Yes it‘s fixed and getting tested for staying fixed

cbartondock commented 3 years ago

Woohoo! Thanks for all your hard work man.

Daniel15 commented 3 years ago

My wiki states that moon reader had problems with covers: janeczku/calibre-web/wiki/FAQ#which-opds-readers-work-with-calibre-web

@OzzieIsaacs Sorry for bumping an old thread, but this issue is still one of the top results in Google for "Calibre-web Moon+ Reader cover not loading"

Like @mmguero, I didn't want to enable anonymous browsing. I worked around this issue with Moon+ Reader by getting my Nginx reverse proxy to send a hard-coded Authorization header for URLs under /opds/cover/, so that Calibre-Web thinks a username and password was entered, essentially only allowing anonmous access to covers, not to all of Calibre-Web. I added a new user in Calibre-Web with all permissions disabled, then added a block in my Nginx config for /odps/cover/ with a line like this:

proxy_set_header Authorization "Basic YW5vbmNvdmVyczpoZWxsb3dvcmxk==";

where YW5vbmNvdmVyczpoZWxsb3dvcmxk is username:password encoded as Base64 (username anoncovers, password helloworld in this example)
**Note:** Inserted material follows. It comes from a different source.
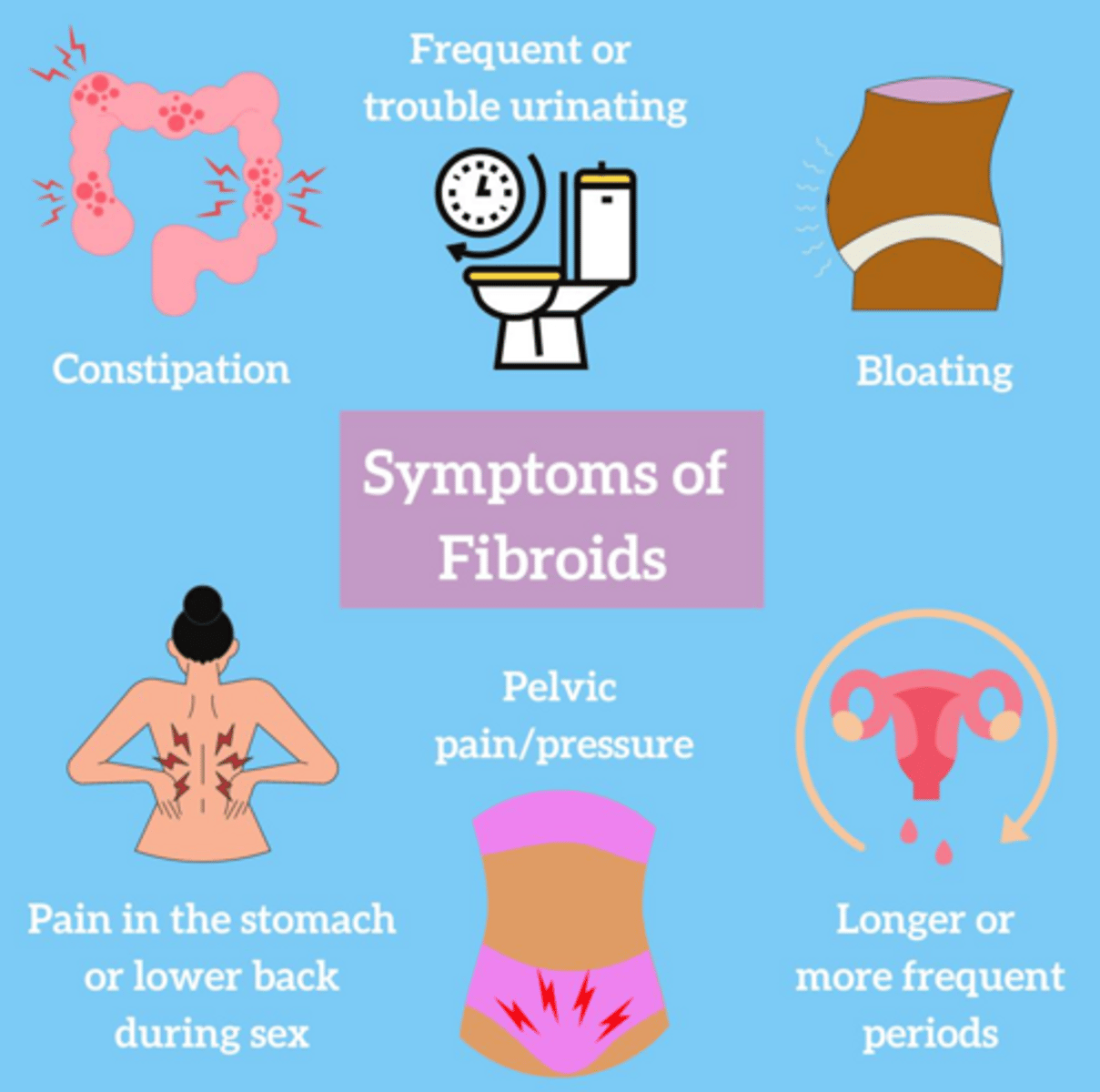 <p>Pelvic pain/pressure, urinary frequency, urgency or retention, back pain, constipation, and dyspareunia.</p>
For example, for LinuxServer.io's calibre-web.subfolder Nginx config, I added this block at the end:

location ^~ /calibre-web/opds/cover/ {
    include /config/nginx/proxy.conf;
    include /config/nginx/resolver.conf;
    set $upstream_app calibre-web;
    set $upstream_port 8083;
    set $upstream_proto http;
    proxy_pass $upstream_proto://$upstream_app:$upstream_port;
    proxy_set_header X-Scheme $scheme; 
    proxy_set_header X-Script-Name /calibre-web;
    proxy_set_header Authorization "Basic YW5vbmNvdmVyczpoZWxsb3dvcmxk==";
}

(with the correct username and password of course).

Is it OK if I document this in the FAQ?